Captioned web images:
* * * *

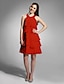 cheap Special Occasion Dresses-Sheath / Column Jewel Neck Knee Length Chiffon Dress with Beading by TS Couture®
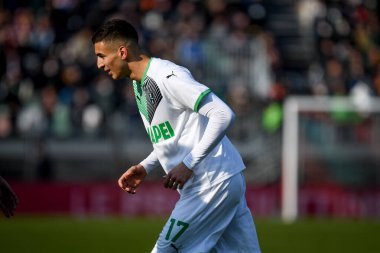 Sassuolo 'nun Mert Muldur portresi İtalyan futbolu Serie A maçında Venezia FC ile ABD Sassuolo arasında Venedik, İtalya' daki Pier Luigi Penzo Stadyumu 'nda oynandı.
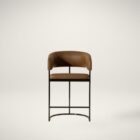 Modern counter stool featuring a curved saddle leather backrest, cushioned seat, and sleek black metal frame with an arched footrest.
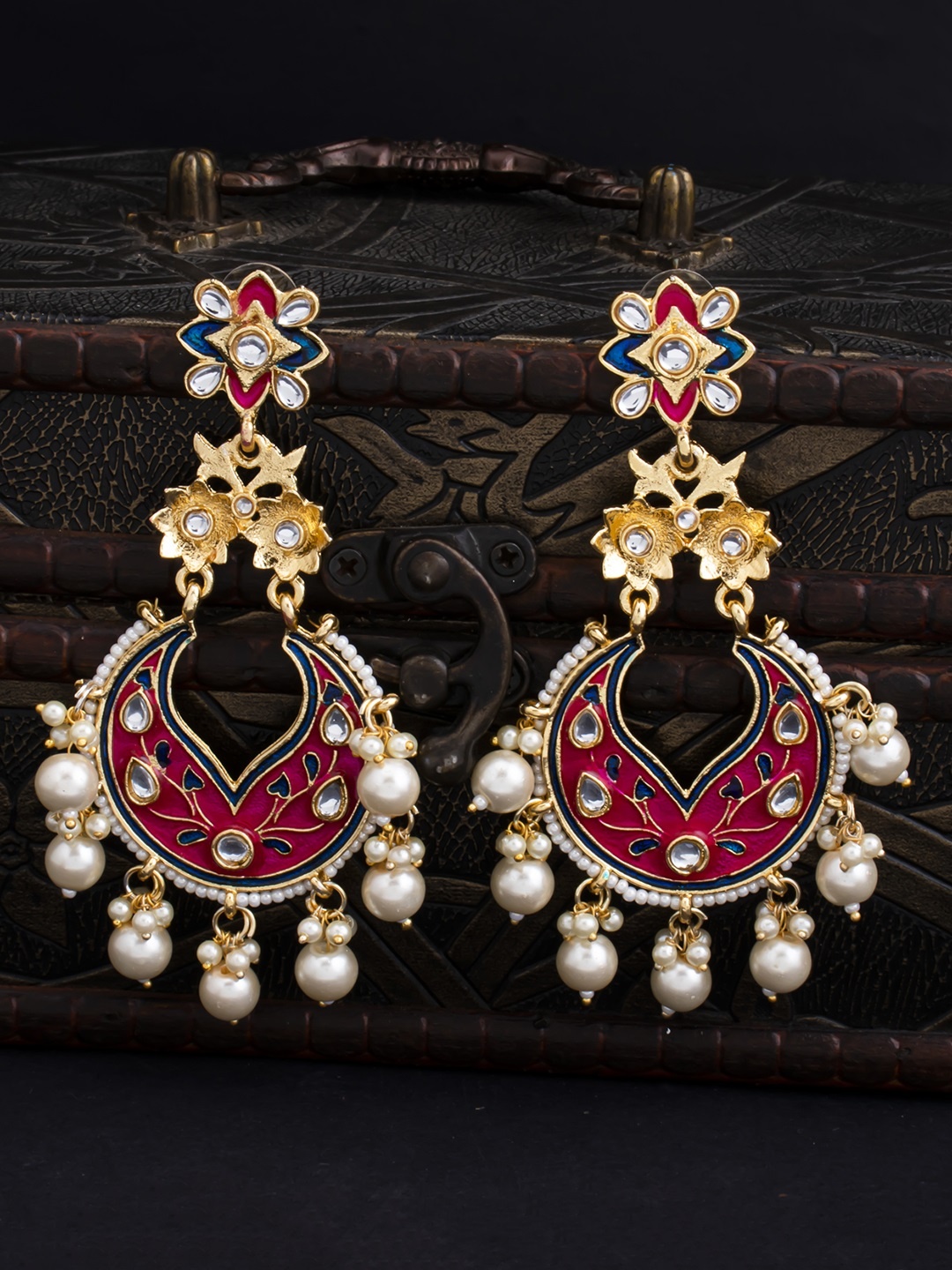 

Sukkhi Gold-Plated & Pink Classic Meenakari Chandbalis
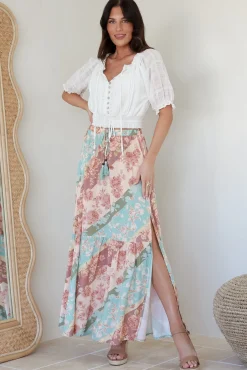 Hellen Maxi Skirt - High Waisted Skirt with Front Splits in Clavelle Print><noscript><img width=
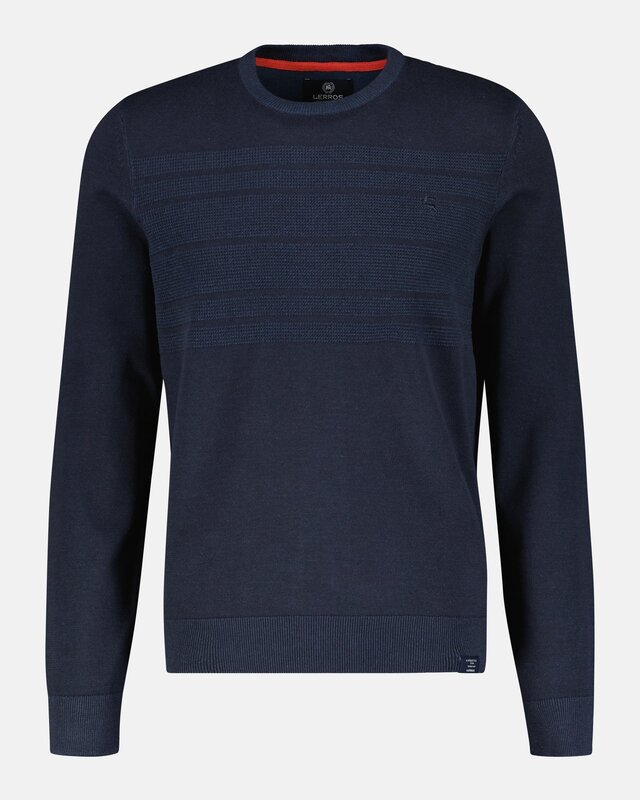 Lerros Sweater with Stripes - Classic Navy
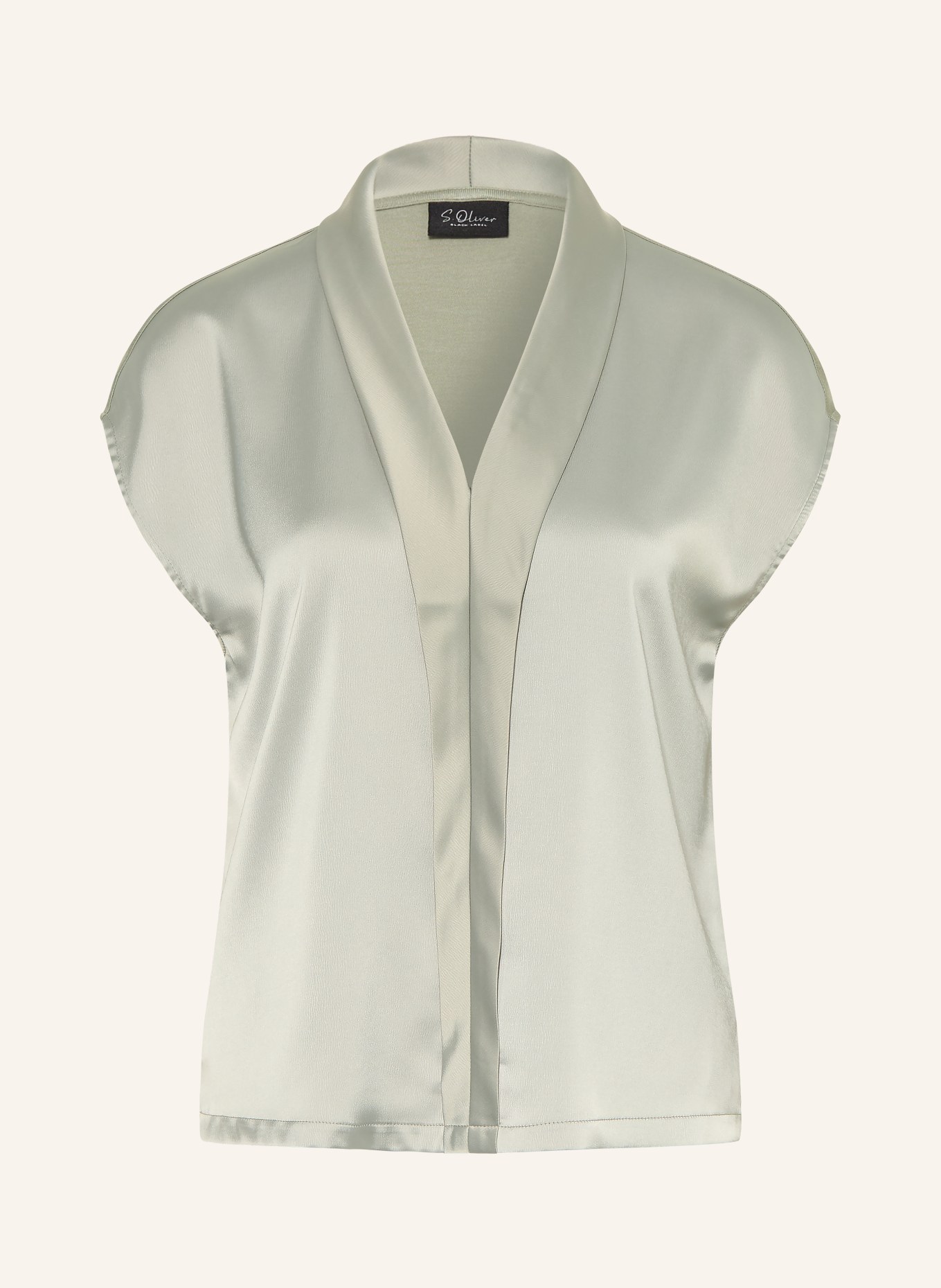 s.Oliver BLACK LABEL T-Shirt im Materialmix: HELLGRÜN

* * * *

Your assignment:
Your response should consist solely of the lines from the line with "Sukkhi Gold-Plated &" through the last line of the entries above, printed exactly and without pictures.

Answer for the task:
Sukkhi Gold-Plated & Pink Classic Meenakari Chandbalis
 Hellen Maxi Skirt - High Waisted Skirt with Front Splits in Clavelle Print><noscript><img width=
 Lerros Sweater with Stripes - Classic Navy
 s.Oliver BLACK LABEL T-Shirt im Materialmix: HELLGRÜN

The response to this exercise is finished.